Pitch: I'd like to propose that we modify the behavior of the Sequence.max algorithms to match the free max(...) functions in cases where there is more than one "maximum" element.

Motivation

SR-12113 asks that we codify the behavior of the min and max methods on sequences into a guarantee in the documentation. Unfortunately, the current behavior of the max methods is inconsistent with other places in the standard library that identify the maximum of two or more inputs, when there is more than one "maximum" value.

Specifically, the sequence method returns the first of several maximum elements in the sequence, while the other APIs (the max free functions and the FloatingPoint.maximum static methods) return the last of the maximum values. In general, this difference behavior isn't noticeable, but for class instances it's observable through instance identity, and when using the predicate-based method can be observed through whatever properties aren't included.

Here's a silly example to demonstrate:

// Every instance of `Comp` is "equal" but
// distinguishable by its `value` property.
struct Comp: Comparable {
    var value: Int

    init(_ v: Int) {
        self.value = v
    }

    static func ==(lhs: Comp, rhs: Comp) -> Bool { true }
    static func < (lhs: Comp, rhs: Comp) -> Bool { false }
}

let a = [Comp(1), Comp(2), Comp(3), Comp(4)]

// The sequence method returns the first element
a.max()                     // Comp(value: 1)

// The free function returns the _last_ element
max(a[0], a[1], a[2], a[3]) // Comp(value: 4)

Which is the correct behavior?

Alexander Stepanov discusses the ordering of min and max functions in lecture 7 of his notes (see pages 57-63, but particularly 61-63 here).

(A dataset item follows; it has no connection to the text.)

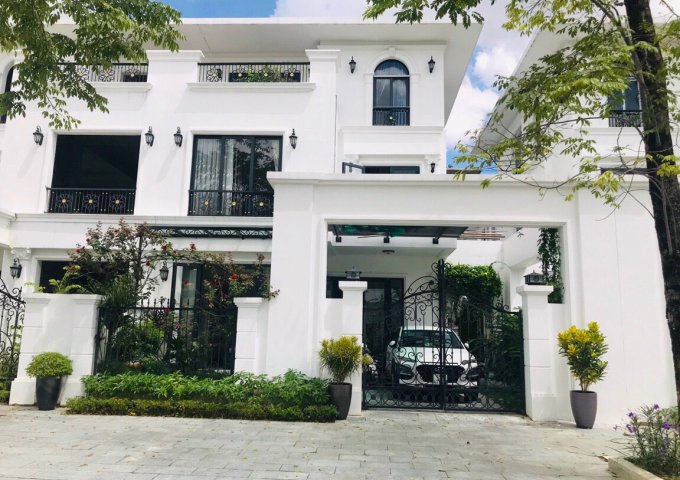 Chuyển nhượng biệt thự song lập Làng Việt Kiều Quốc Tế Hải Phòng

In particular, he posits that min and max should provide the same stability that sorting two elements does, such that min(x, y) should always equal the first element of sort_2(&x, &y), and that max(x, y) should always equal the second element of sort_2(&x, &y).

Because the standard library's sort is stable (though not yet promised as such), we can extend this principle into Swift by stating the rule this way, for any collection a:

a.min() == a.sorted().first
a.max() == a.sorted().last     // *

// using `a...` to imply a variadic splat:
min(a...) == a.sorted().first
max(a...) == a.sorted().last

Proposed Solution

Swift currently fails the test marked by // *. I would like to correct that inconsistency and document the behavior for all the sequence methods.

27 Likes

This sounds well justified and a useful change in behavior.

3 Likes

Doesn’t this imply that we should also promise that the standard library’s sort is stable?

3 Likes

Indeed!

4 Likes

My vague recollection when I filed SR-12113 was that having it return the first element was ideal for my use-case. However I don't remember if I cared about min(), max(), or both.

Having said that, I'm strongly in favor of unifying the behavior of the sequence algorithms with the free functions. I also like the elegance of defining their behavior in terms of stable sort. I'm strongly in favor of guaranteeing stable sort, and so I'm in favor of changing the behavior of Sequence.max and documenting it in terms of the semantics of stable sort.

1 Like

I'll repeat what I mentioned on the Jira here:

I think it's reasonable to document this for the ones that take a closure. But Equatable.== implies substitutability, so the most conservative position would be to not make that same guarantee for those because it's dubious to be relying on it mattering, so reasonable to reserve the flexibility. That's probably just me being picky though.

FWIW I think there is an argument that returning the first value rather than the last could be more efficient, since storing each subsequent match and discarding the previous one as you go might need more retains and releases. That would be incompatible with the stepanov rationale.